The somewhat derisive term “ham” is often applied to these people, but it just means “Amateur Radio Operator”. The ARRL started publishing the Radio Amateur’s Handbook in 1926. It is a very reliable source of information on electronics and for many physicists was their first contact with practical electronics. The last few pages of the Handbook contained advertisements of vendors of receivers, transmitters and parts. One prominent ad was from the “Radio Shack” in Boston, an enterprise that has evolved into a retail electronics giant.

 

In earliest days communication by radio was done using Morse code as voice transmission was not yet possible. The examination for a license to use amateur radio involved testing the ability to use Morse code as well as some rudimentary electronics. (The Morse code requirement has since been dropped.) On passing the exam the applicant was given a license to broadcast and assigned “call letters”, like W1AW. One favorite occupation was to look for (“work”) or contact with ham operators in distant states and other countries by signaling “CQ” (seek you). Since there was a need for economy of words for beginners especially, a large number of sometimes amusing shortcuts were invented. For example the girlfriend would be the young lady “YL” and the wife would be the “XYL”. On completing such a contact the operators would exchange QSL cards, usually colorful post cards with the call letters and address of the station. The walls of “radio shacks,” often the operator’s bedroom, basement or garage were often covered with QSL cards.
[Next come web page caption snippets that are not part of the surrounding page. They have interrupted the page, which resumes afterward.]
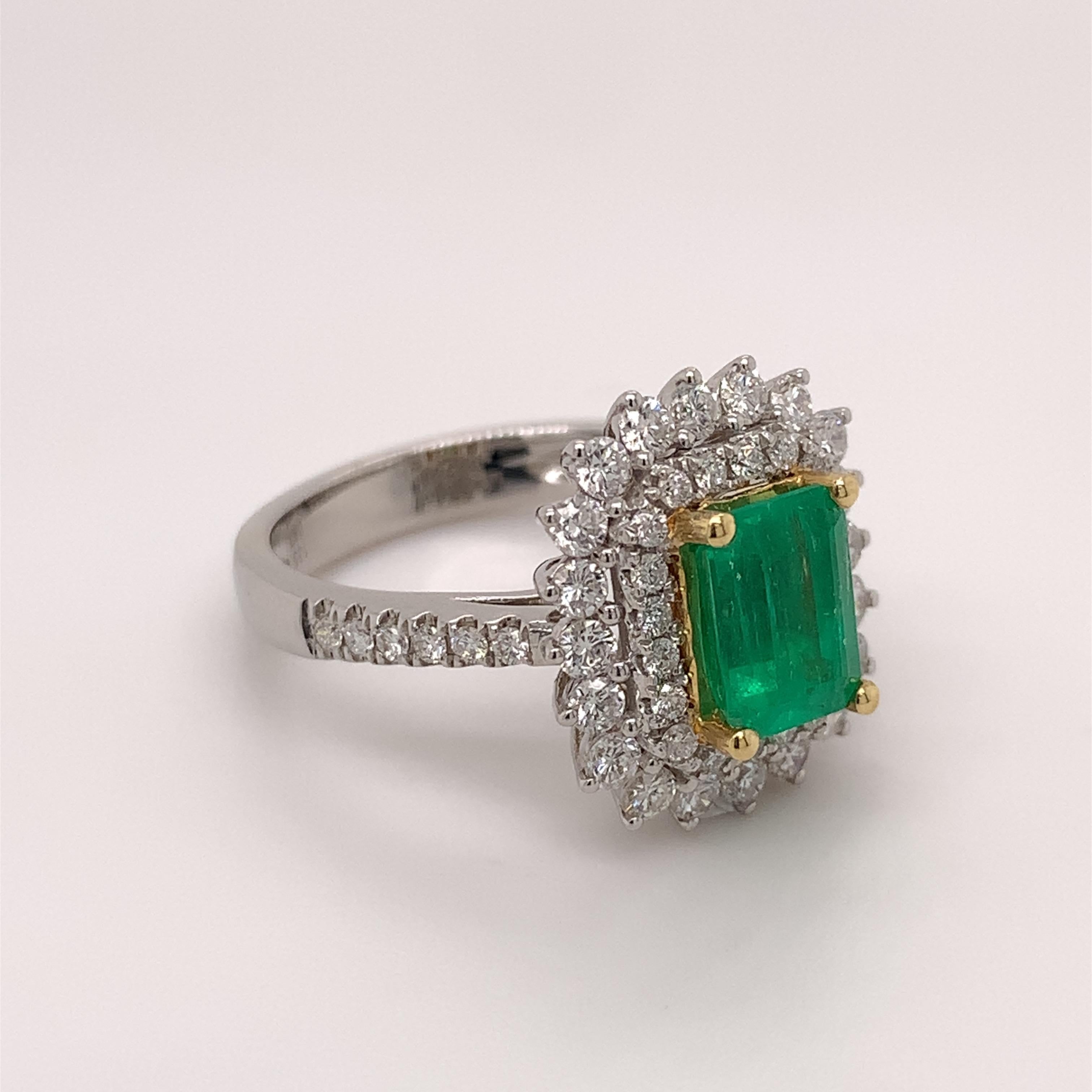 1.35 Carat Emerald Diamond Ring In New Condition In Richmond, BC
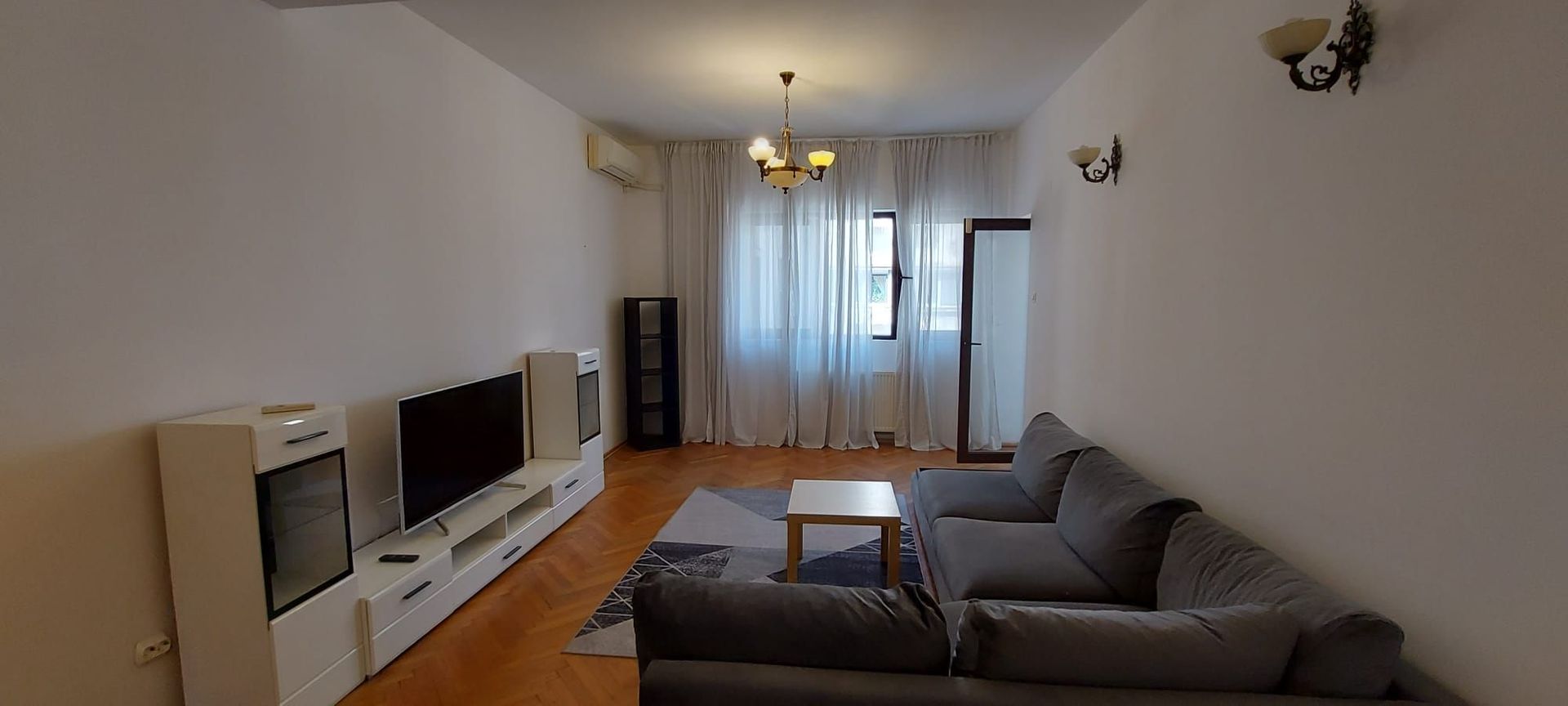 De Inchiriat apartament | 2 dormitoare, 2 bai | Ultracentral - Poză 4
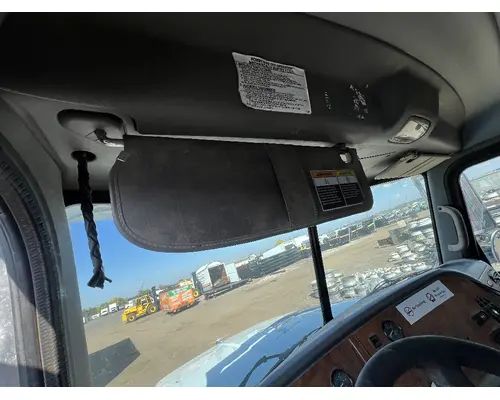 PETERBILT 365 Interior Sun Visor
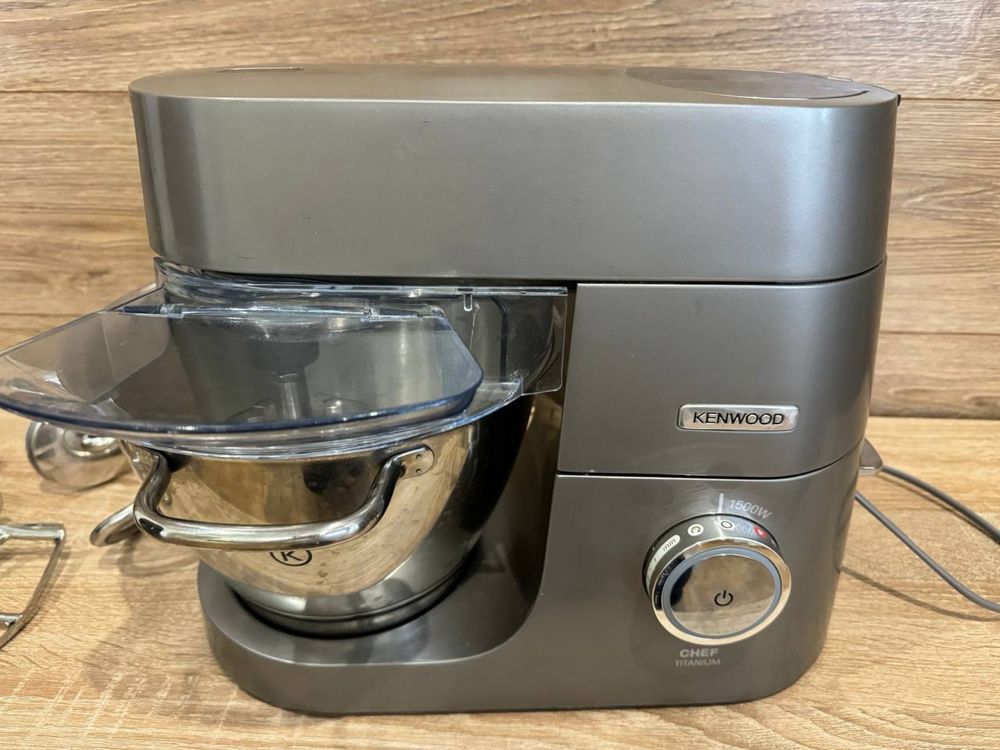 Кухонная машина Kenwood серии Chef на 4,6 л чаша . Очень крутая машина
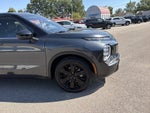 2026 Mitsubishi Outlander LE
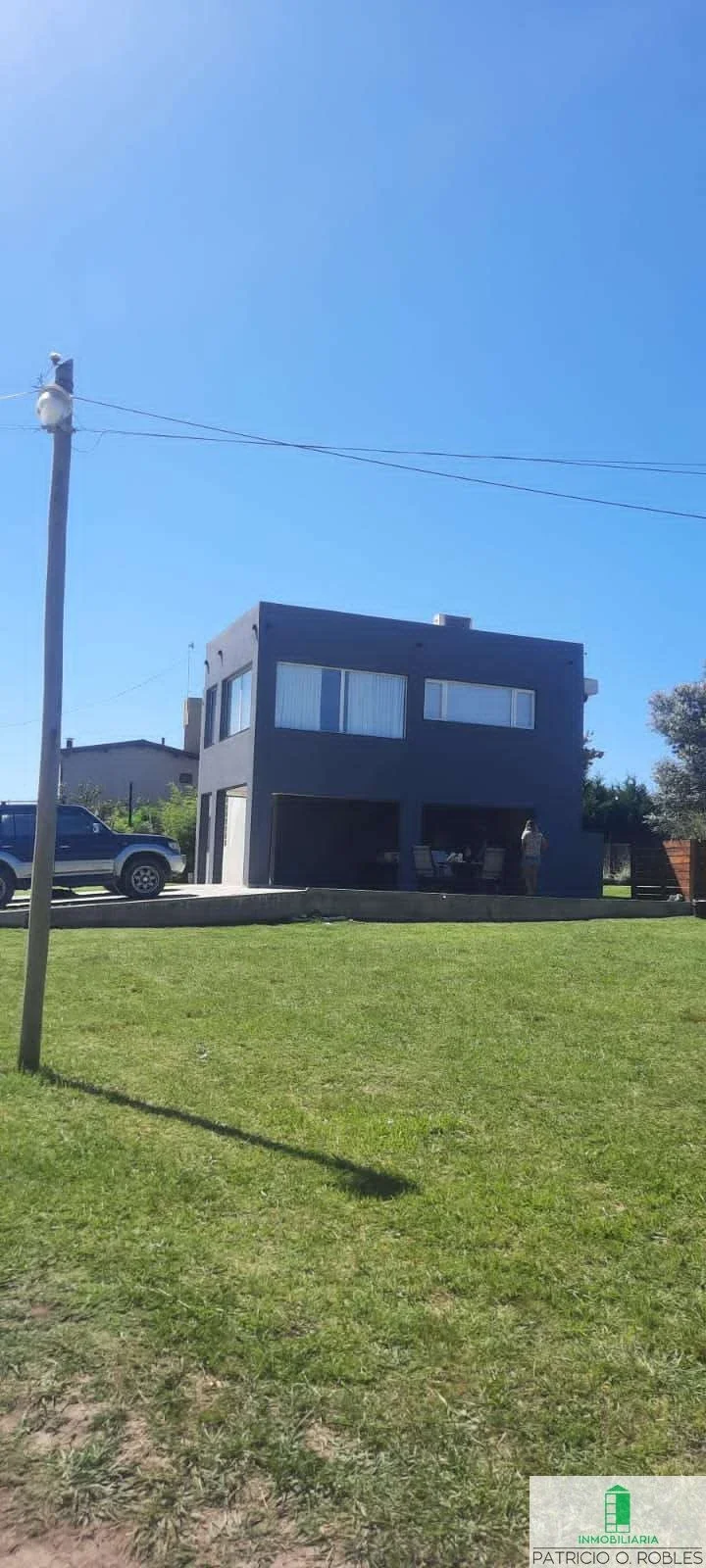 Casa en alquiler temporario de 2 dormitorios c/pileta en Las Lomas Miramar - Imagen 1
One benefit to the country is to have thousands of trained operators available for emergencies and to fill the ranks of communication officers in time of war or national disaster like Katrina.

 

Amateur Radio as a Background to Physics

It is clear that many physicists considered interest in amateur radio a sure path to a technician’s job.  But as the former VE3AXF (RJD) found, designing, building and modifying electronics on a limited budget (from one’s own pocket) is very good training for research in physics where one often has to design and build new instruments with limited funding and very limited time.

 

Physicists born in the 1920s and 1930s often came to the field of physics through amateur radio by at least building radio receivers and audio amplifiers in their own homes. One reason was the happy circumstance that the circuits were simple enough that one could afford to buy the few parts needed with very little expenditure. The chassis were available at modest cost and with electric drills and tube hole cutters one could assemble a radio receiver, audio amplifier or even amateur radio transmitter at home. Learning how to make neat solder joints became a high art for many gifted hams. Tubes and transformers for power supplies were available cheaply, and at the end of WWII quite sophisticated electronic parts were available in surplus stores.

 

fig-01a_Hershberger_500

FIGURE 1a: Appearance of the top of the chassis of a home-made
receiver in the 1960’s. From the Radio Amateur’s Handbook 1968.

 

fig-01b_Hershberger_500

FIGURE 1b: Appearance of the under-chassis of the chassis of a home-made
receiver in the 1960’s. From the Radio Amateur’s Handbook 1968.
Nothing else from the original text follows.